I, too, can appreciate a good mass deportation, John. It’s just that these aren’t the folks I want to deport. I see that it bothers you that they don’t complete high school, John. Well, neither did I. Here’s where I agree with you: The majority of the American people are against illegal aliens, in a vague sort of way, for two reasons: 1) they’re illegal, and 2) they’re alien. But it’s millions of lives you’re messing with here — millions of families, millions of employees, tens of thousands of employers — and the people directly affected feel a lot more passionately about deportation than the “majorities” that refuse to vote on “illegal aliens” in election after election.

Count the delegates that Tom Tancredo and Duncan Hunter got in the GOP primaries. Compare that to the millions who hit the streets after the Sensenbrenner bill passed. If unemployment hits 25 percent, your alternate future may come true, John. But short of that, you lose. The demographics alone will bury you. During the early days of the civil-rights movement, a lot of good conservatives waded hip-deep into ordure by demanding constitutional restraint. We asserted states’ rights while the American people watched thuggish officials deploy dogs, billy clubs, and “culture” tests to deny others the franchise. And even though the “states’ rights” folks had the better arguments, the American people rejected them, along with our good intentions. In the aftermath, we suffered the degradation of civil rights into statism.

We’re primed to repeat that mistake with Latinos. By insisting that millions of decent, hard-working people are illegal and unforgivable, you’re setting up the dogs, the billy clubs, and the hoses. The American people, unless pushed by some extreme event, will spit this revolution out. It won’t matter if you are technically right.
— Richard Nadler is president of the Americas Majority Foundation, a public-policy think tank in Overland Park, Kan.

04/02 02:39 PMShare

Nadler is telling the truth there. I just hope the GOP wakes up to that in time

1 comment:

  1. The argument here rests on the belief that the Republican Party can attract latino voters by dropping their principed stance on immigration. In actuality this will not be the case. Litinos, like may church going Black Americans will vote their pocketbooks, that is they will vote for the party that offers as much free government give away as possible. Blacks repeatedly vote for pro-abortion, pro-homosexual leftist democrats, in spite of their own conservative social stances. Motivated more strongly by greed, they simply fail to take into account their promotion of these Godless agendas. Latino voters will, and do vote identically, though in somewhat different porportion. Granting amnesty to millions of illegals will only hasten the distruction of conservitism and the Republic.. Instantly millions of pro leftist latino voters will be created.
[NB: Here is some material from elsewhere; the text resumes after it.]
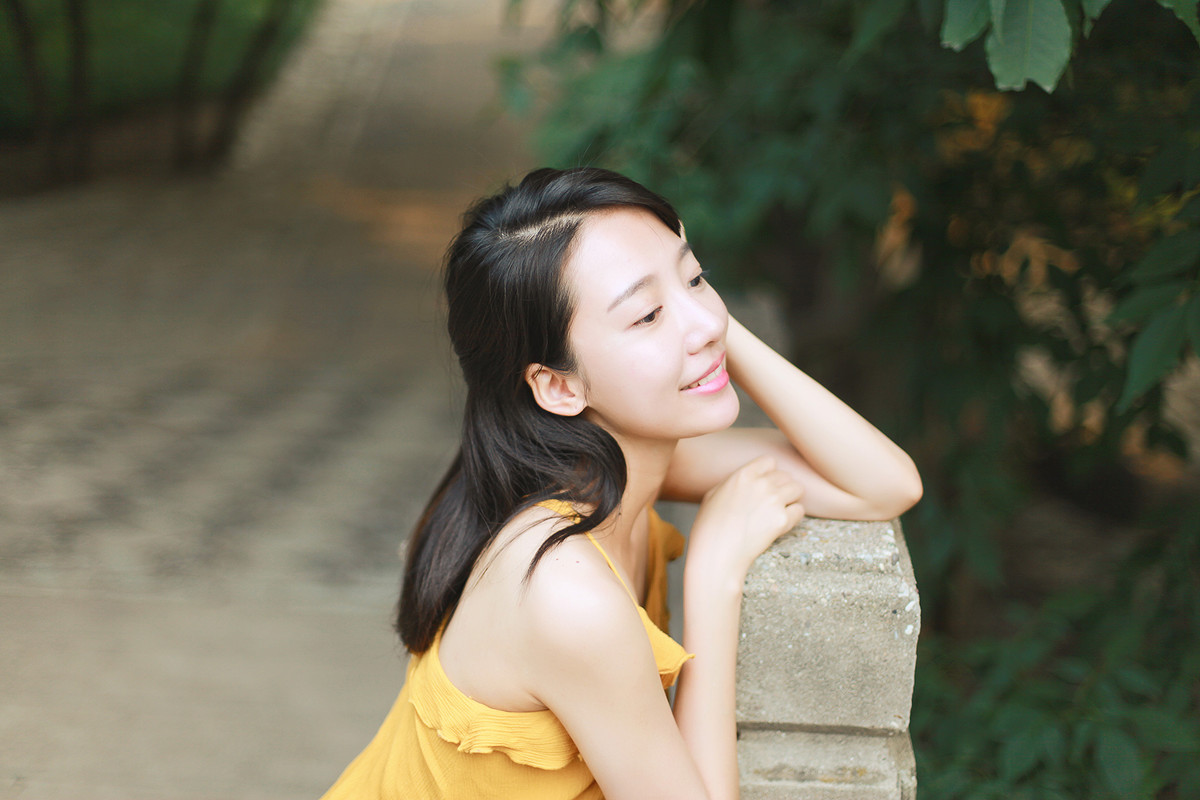 素颜美腿美女少妇,模样甜美可爱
Let's not be ignorant here, of the larger "Reconquista movement" designed to reclaim land that all Mexican shcool children are taught was stolen by the US from Mexico.

    Proponents of amnesty always site the bogus economic argument. A true "temporary worker program" would take care of the ebb and flow of labor requirements, grant temporary legal status. Why do proponents of amnesty ignore this solution. The Republican party should offer the alternative solution. Strong border regulation. A true temporary worker program that grants temporary legal status and has stong controls. There is a principled solution. And it is not a given that "all current" Americans of latin extraction are pro amnesty.

    This whole aregument is another attempt at the mumbldey milquetost moderates trying to water dow the party. gurys! you got your candidate! John McCain. He was supposed to pull in all that latino vote because of his pro amnesty stance. But he got creamed by latinos because they voted for the socalist, that promised them freebies. WAKE UP!